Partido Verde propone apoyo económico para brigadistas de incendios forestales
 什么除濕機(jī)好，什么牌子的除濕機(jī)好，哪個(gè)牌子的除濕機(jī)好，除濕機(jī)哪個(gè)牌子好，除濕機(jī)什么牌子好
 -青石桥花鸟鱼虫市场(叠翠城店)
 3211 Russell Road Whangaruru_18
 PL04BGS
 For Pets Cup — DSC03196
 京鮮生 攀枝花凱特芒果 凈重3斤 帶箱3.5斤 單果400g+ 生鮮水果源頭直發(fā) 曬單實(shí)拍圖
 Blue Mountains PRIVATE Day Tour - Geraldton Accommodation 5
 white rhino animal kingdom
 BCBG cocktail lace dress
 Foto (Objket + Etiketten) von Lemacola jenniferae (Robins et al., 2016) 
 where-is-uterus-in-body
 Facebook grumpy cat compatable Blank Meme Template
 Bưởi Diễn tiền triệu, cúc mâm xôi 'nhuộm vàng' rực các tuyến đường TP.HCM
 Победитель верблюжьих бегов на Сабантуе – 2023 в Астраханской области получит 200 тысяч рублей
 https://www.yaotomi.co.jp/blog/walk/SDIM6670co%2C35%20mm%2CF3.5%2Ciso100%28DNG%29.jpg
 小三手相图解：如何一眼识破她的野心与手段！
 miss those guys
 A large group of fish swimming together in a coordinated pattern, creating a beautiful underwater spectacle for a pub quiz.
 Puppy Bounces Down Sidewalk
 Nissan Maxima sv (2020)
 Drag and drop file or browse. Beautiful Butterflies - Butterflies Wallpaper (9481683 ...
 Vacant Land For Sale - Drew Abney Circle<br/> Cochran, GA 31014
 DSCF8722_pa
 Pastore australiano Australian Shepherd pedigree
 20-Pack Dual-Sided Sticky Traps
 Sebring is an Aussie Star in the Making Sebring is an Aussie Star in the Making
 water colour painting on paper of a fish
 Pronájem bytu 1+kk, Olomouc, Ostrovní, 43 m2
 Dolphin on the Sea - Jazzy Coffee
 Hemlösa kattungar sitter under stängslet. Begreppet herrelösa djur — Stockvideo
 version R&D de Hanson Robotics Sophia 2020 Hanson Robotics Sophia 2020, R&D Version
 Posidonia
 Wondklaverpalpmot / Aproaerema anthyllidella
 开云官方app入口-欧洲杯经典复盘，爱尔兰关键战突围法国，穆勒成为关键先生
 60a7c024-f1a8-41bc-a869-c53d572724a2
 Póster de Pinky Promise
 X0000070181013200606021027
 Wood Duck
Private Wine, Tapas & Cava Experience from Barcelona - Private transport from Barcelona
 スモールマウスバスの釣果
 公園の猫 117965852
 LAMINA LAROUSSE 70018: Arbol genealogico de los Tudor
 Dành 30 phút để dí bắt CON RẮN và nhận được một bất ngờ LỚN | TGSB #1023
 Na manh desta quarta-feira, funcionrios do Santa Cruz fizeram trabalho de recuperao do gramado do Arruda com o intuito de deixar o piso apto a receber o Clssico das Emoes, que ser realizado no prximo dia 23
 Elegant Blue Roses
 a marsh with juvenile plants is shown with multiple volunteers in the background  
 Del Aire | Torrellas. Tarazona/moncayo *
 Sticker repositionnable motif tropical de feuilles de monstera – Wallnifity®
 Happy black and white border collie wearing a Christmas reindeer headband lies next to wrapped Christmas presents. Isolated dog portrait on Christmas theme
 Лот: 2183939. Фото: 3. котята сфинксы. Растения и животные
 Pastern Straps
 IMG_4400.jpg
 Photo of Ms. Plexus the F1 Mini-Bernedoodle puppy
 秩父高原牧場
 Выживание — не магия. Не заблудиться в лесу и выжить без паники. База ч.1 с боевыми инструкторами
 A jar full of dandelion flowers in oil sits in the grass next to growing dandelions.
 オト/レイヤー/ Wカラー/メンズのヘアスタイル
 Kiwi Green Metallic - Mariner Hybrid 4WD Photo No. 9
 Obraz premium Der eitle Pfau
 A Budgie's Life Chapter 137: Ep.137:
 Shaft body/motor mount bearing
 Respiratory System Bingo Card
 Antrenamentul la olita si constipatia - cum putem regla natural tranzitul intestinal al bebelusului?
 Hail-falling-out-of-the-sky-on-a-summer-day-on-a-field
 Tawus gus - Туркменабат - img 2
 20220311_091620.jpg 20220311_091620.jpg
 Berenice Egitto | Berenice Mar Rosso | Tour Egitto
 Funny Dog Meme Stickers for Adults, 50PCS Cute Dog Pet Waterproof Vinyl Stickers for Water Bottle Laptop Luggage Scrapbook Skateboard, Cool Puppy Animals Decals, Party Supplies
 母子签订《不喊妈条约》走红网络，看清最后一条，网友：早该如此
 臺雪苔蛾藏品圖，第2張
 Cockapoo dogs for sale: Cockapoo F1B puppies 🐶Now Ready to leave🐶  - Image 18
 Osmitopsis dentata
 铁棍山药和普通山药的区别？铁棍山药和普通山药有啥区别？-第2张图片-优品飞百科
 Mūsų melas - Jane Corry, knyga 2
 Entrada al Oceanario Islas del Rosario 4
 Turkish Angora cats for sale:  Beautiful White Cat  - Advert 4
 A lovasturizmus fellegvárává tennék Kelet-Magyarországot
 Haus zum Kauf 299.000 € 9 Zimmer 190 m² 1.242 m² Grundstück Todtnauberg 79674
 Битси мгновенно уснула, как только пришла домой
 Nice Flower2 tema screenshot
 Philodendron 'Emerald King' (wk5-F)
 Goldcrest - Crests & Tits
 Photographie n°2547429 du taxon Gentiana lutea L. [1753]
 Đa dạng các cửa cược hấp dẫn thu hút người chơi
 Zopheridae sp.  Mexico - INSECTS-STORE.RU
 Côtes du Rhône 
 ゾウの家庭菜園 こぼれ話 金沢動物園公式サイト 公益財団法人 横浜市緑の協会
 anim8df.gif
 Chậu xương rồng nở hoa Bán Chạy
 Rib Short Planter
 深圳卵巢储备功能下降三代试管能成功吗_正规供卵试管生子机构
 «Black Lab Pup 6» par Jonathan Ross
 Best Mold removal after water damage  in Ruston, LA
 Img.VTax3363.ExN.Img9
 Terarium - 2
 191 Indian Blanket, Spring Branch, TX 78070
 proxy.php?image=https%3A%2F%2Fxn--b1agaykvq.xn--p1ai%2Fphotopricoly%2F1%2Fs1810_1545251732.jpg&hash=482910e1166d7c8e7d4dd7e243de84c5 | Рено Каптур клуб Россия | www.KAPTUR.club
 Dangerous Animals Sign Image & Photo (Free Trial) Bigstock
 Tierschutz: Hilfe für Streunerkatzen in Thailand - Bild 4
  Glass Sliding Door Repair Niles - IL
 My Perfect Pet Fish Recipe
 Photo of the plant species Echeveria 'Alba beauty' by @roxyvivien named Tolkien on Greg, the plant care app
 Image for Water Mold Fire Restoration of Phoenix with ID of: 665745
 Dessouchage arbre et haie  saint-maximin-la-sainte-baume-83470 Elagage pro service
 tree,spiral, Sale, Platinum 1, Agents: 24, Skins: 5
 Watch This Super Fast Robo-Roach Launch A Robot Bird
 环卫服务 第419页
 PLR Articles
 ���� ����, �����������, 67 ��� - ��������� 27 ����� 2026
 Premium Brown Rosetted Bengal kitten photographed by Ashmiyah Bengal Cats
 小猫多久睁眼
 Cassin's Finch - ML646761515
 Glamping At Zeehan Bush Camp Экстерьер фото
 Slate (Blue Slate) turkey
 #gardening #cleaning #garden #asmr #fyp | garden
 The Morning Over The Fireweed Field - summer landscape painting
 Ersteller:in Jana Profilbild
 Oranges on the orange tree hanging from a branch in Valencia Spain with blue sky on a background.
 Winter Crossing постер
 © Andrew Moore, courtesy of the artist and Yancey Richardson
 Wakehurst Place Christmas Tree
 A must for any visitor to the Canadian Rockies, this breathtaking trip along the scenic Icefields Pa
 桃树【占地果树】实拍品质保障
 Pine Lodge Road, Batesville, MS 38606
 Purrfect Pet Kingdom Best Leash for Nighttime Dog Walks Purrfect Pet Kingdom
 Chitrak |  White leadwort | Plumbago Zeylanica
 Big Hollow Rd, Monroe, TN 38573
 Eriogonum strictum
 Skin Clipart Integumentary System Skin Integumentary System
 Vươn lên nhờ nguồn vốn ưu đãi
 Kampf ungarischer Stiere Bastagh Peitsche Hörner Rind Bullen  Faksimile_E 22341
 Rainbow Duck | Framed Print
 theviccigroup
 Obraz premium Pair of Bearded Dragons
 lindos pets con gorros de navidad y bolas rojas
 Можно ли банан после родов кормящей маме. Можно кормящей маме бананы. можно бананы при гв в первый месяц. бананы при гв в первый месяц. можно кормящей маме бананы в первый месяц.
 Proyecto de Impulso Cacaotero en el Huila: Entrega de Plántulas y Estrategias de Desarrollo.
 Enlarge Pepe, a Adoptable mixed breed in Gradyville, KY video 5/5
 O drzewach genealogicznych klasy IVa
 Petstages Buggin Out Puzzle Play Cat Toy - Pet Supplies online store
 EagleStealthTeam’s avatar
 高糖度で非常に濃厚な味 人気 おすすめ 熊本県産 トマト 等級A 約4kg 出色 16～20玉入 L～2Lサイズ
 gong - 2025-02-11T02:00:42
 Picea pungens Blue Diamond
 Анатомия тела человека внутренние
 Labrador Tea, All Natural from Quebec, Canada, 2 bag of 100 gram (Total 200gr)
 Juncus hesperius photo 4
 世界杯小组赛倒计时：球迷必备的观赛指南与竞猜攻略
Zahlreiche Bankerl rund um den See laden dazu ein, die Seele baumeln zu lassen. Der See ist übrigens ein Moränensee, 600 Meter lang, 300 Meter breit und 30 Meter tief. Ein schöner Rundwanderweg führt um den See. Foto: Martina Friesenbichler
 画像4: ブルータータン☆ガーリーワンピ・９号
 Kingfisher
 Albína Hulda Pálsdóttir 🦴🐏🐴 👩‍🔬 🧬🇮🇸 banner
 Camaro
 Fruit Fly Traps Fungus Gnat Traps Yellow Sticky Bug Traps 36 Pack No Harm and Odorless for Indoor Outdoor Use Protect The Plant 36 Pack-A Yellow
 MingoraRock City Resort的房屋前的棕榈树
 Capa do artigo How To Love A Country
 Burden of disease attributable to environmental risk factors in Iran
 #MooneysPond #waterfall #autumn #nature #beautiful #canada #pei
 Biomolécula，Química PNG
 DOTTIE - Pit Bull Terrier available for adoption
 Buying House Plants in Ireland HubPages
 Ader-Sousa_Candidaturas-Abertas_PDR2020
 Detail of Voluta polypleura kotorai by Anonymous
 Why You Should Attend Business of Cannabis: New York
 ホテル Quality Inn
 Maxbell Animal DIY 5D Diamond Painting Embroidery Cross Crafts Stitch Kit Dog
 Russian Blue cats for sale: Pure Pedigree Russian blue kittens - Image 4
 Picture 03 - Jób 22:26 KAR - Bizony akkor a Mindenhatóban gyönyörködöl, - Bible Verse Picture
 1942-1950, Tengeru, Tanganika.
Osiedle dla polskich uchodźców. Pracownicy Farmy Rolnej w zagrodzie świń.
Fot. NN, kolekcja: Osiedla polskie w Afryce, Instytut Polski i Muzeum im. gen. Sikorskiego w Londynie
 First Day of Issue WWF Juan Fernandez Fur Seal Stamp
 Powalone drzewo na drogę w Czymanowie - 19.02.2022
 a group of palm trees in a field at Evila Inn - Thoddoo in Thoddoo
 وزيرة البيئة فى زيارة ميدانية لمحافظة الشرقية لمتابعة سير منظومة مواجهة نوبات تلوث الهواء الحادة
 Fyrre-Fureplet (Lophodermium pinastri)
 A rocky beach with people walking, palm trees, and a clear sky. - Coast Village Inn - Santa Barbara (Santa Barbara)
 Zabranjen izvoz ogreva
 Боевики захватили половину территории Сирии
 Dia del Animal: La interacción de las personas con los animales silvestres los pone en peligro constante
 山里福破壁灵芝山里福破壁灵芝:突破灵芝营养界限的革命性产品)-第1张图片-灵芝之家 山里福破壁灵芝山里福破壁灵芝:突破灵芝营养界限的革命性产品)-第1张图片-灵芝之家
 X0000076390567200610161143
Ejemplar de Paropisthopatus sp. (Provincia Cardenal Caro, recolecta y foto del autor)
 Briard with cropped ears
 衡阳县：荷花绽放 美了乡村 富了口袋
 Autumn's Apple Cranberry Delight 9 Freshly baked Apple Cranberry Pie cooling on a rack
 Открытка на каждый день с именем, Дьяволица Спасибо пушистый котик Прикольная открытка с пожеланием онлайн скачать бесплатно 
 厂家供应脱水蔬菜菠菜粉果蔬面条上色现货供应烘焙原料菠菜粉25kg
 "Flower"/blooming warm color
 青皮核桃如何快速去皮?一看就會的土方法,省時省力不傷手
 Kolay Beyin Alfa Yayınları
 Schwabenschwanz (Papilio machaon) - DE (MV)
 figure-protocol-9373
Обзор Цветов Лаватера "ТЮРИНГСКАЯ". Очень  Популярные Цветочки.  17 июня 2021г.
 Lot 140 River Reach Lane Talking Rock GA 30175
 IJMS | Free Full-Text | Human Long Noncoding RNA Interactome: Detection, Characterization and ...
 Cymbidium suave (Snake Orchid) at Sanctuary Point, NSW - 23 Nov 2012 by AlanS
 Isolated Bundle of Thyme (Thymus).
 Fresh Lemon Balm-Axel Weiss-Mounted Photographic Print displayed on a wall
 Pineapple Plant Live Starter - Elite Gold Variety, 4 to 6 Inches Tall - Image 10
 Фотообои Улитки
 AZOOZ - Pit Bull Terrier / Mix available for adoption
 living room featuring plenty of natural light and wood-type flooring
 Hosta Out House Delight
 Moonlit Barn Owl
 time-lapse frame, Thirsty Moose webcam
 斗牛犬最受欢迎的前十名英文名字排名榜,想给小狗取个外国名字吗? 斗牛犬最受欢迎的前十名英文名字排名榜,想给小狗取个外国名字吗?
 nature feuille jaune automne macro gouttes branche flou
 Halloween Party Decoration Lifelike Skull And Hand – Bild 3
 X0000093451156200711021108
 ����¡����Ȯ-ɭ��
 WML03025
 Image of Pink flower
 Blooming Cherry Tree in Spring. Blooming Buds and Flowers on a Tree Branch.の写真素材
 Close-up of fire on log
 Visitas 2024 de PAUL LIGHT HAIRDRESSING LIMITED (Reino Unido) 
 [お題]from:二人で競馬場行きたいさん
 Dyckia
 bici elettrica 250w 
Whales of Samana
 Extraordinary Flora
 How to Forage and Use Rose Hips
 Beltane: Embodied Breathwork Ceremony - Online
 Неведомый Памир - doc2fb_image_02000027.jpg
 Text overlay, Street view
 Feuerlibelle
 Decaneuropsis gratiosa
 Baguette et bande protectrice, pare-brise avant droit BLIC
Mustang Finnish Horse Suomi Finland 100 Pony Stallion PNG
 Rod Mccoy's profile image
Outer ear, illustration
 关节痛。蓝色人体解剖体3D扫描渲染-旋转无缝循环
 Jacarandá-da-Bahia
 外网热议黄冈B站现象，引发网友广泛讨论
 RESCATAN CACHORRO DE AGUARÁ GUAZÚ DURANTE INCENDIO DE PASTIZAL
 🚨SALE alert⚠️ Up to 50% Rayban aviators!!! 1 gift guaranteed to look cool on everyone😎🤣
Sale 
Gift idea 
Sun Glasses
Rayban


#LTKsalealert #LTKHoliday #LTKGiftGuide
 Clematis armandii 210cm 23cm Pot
+ + + + + + +
» **INSTRUCTIONS TO FOLLOW**: Take the lines above from the first through the one containing "Facebook grumpy cat" and reproduce them exactly; include nothing else.

» **SOLVED PROBLEM**:
Partido Verde propone apoyo económico para brigadistas de incendios forestales
 什么除濕機(jī)好，什么牌子的除濕機(jī)好，哪個(gè)牌子的除濕機(jī)好，除濕機(jī)哪個(gè)牌子好，除濕機(jī)什么牌子好
 -青石桥花鸟鱼虫市场(叠翠城店)
 3211 Russell Road Whangaruru_18
 PL04BGS
 For Pets Cup — DSC03196
 京鮮生 攀枝花凱特芒果 凈重3斤 帶箱3.5斤 單果400g+ 生鮮水果源頭直發(fā) 曬單實(shí)拍圖
 Blue Mountains PRIVATE Day Tour - Geraldton Accommodation 5
 white rhino animal kingdom
 BCBG cocktail lace dress
 Foto (Objket + Etiketten) von Lemacola jenniferae (Robins et al., 2016) 
 where-is-uterus-in-body
 Facebook grumpy cat compatable Blank Meme Template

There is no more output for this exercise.